◆ EXERCISE DETAILS ◆
Take the lines from the head of the listing through the one bearing "Double-Sided Faux Suede" and copy them exactly, leaving every picture out.

◆ THE DATA ◆
· · ·
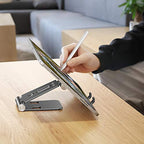OMOTON Foldable Cell Phone Stand, C4 Portable Aluminum Phone Holder, Adjustable Phone Dock Cradle Compatible with iPhone 17/16/15 Pro Max, Samsung Galaxy, Small Tablets and Other Phones, Black - color: Black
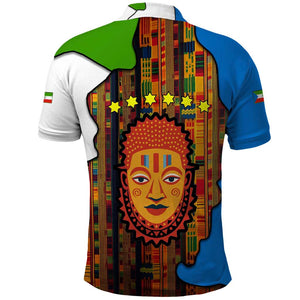 Equatorial Guinea Kente Polo Shirt - Tribal Mask and National Coat of Arms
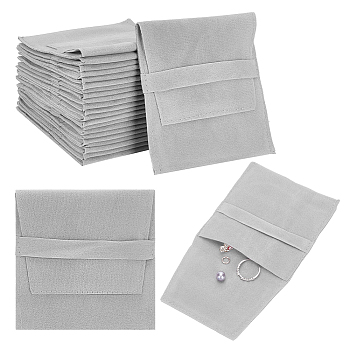 Double-Sided Faux Suede Jewelry Flap Pouches, Folding Envelope Bag for Earrings, Bracelets, Necklaces Packaging, Gray, 9.7x9.4cm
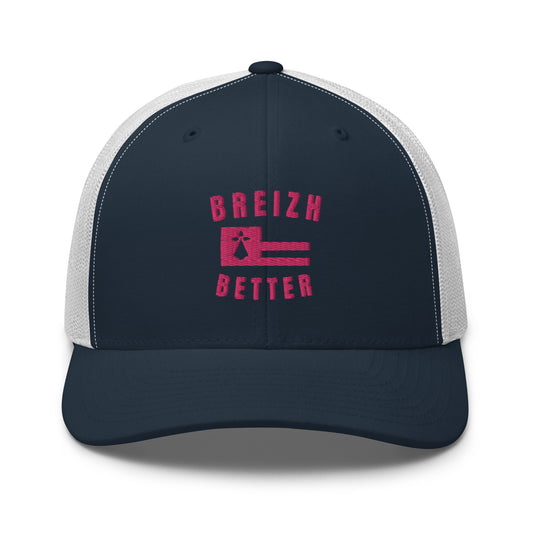 Casquette Trucker Breizhbetter Rose Brodé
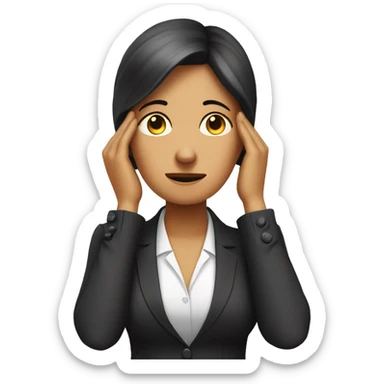 Business woman worried face palm sticker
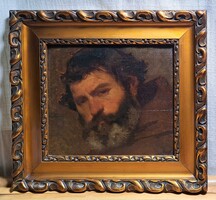 RITKA! Vidéky János (1825-1901) antik olajfestmény a 19. század végéről! szakállas férfi, szent?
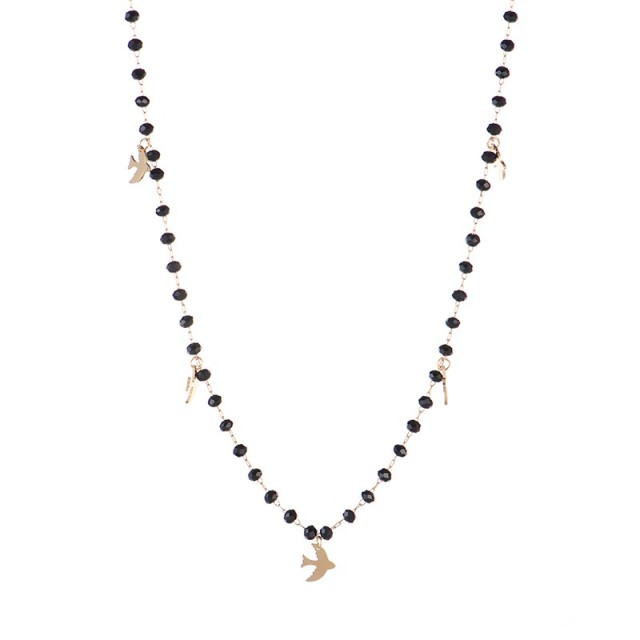 Black glass beaded chain with multi bird charm necklace
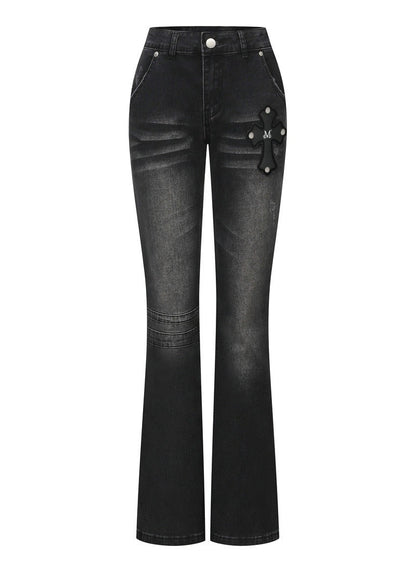 MUCENT CAIRO CROSS PATCH DENIM BOOTCUT 十字架貼布丹寧靴型褲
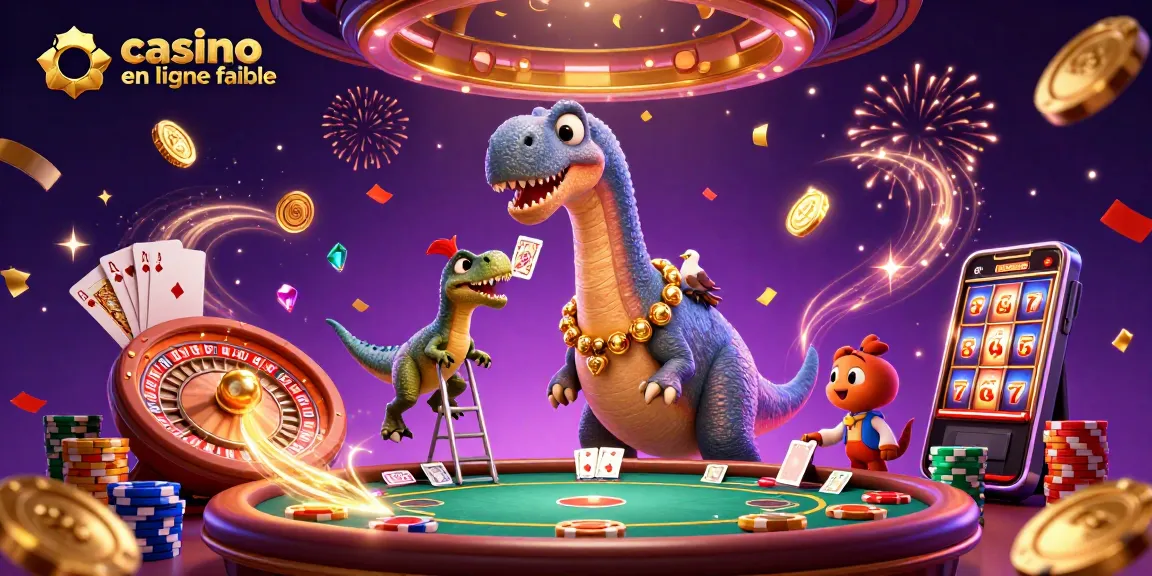 Jouer au casino en ligne fiable avec des personnages en 3D dans une illustration dynamique de célébration.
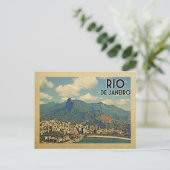 Rio De Janeiro Brasilien Vintage Travel Postkarte (Stehend Vorderseite)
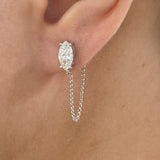 Diamond Chain Earrings 1.3 ct White Gold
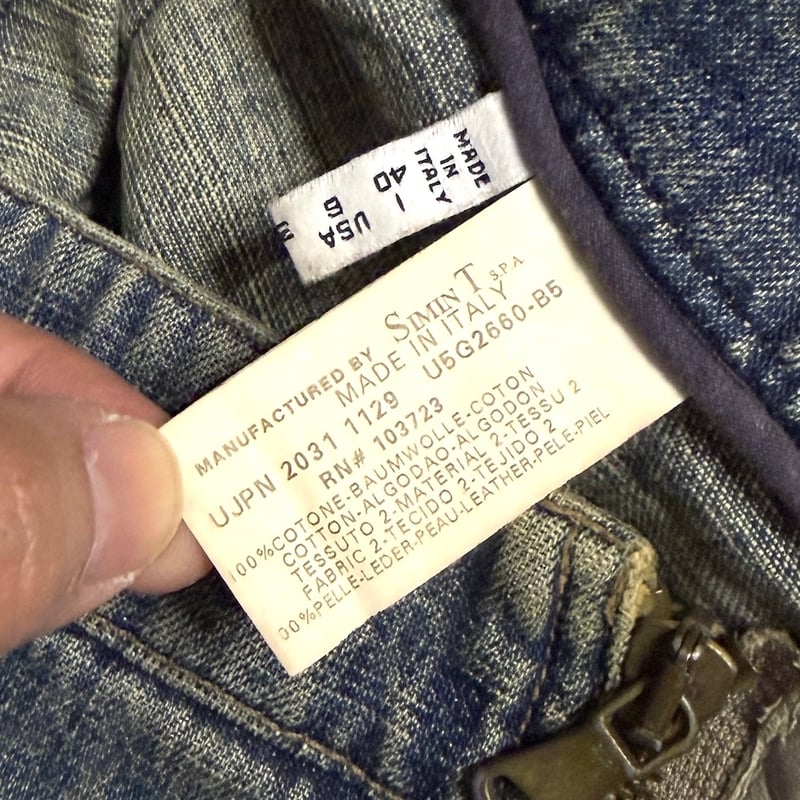 USED】00's Armani Jeans Zip Leather Panel Denim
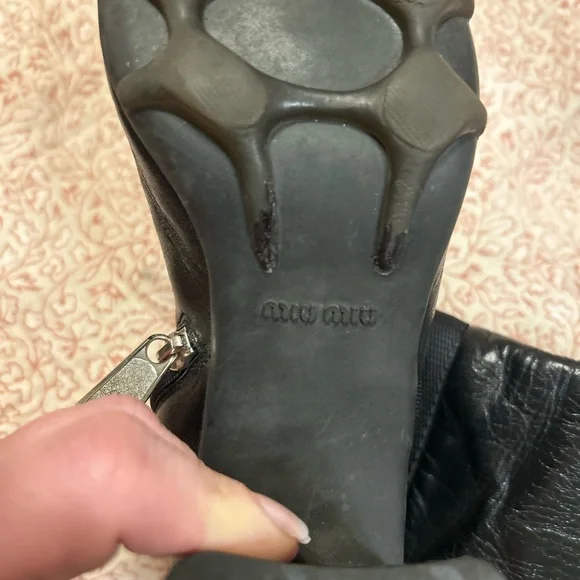 Vintage Miu Miu Black Heeled Leather Boots - Picture 8 of 10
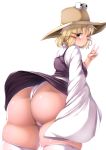  1girl ass blonde_hair blush breasts commentary_request from_behind hat highres huge_ass large_breasts looking_at_viewer moriya_suwako older original panties shishi_juuroku short_hair simple_background skindentation smile solo thick_thighs thighhighs thighs touhou underwear white_background white_legwear white_panties yellow_eyes 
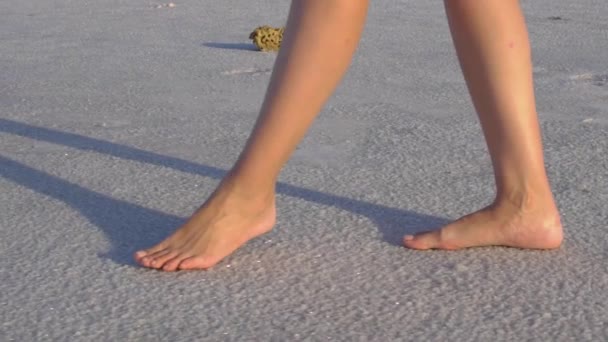 足は硬化塩の外に地面に行く — ストック動画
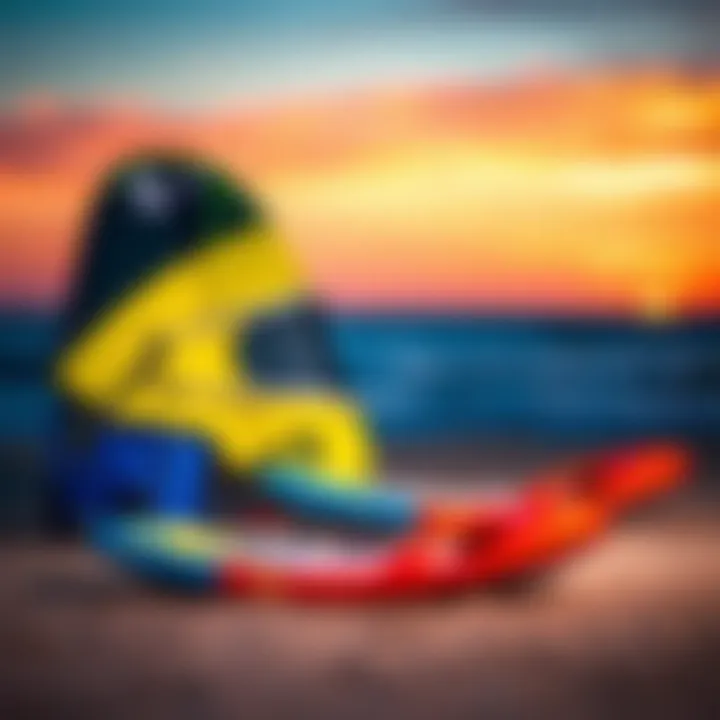 A vibrant Ion kitesurfing setup on the beach showcasing the gear against a stunning sunset.
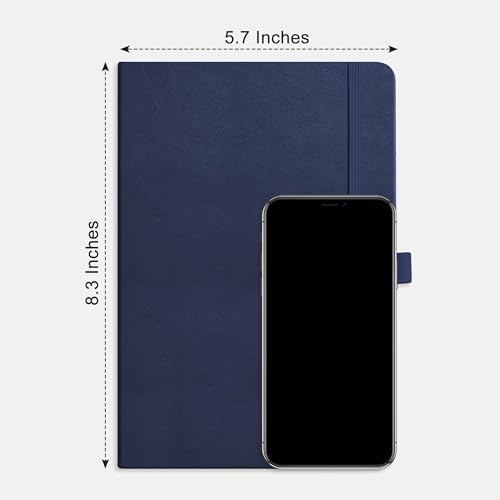 RETTACY Dotted Journal Notebook, 2-Pack, 160 Numbered Pages per Pack, A5 Medium Size (5.7'' x 8.3''), 120 GSM Thick Paper, Leather Hardcover, for Journaling (Navy Blue & Navy Blue) - color: Navy Blue & Navy Blue, style: Dotted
· · ·
◆ SOLUTION ◆
OMOTON Foldable Cell Phone Stand, C4 Portable Aluminum Phone Holder, Adjustable Phone Dock Cradle Compatible with iPhone 17/16/15 Pro Max, Samsung Galaxy, Small Tablets and Other Phones, Black - color: Black
 Equatorial Guinea Kente Polo Shirt - Tribal Mask and National Coat of Arms
 Double-Sided Faux Suede Jewelry Flap Pouches, Folding Envelope Bag for Earrings, Bracelets, Necklaces Packaging, Gray, 9.7x9.4cm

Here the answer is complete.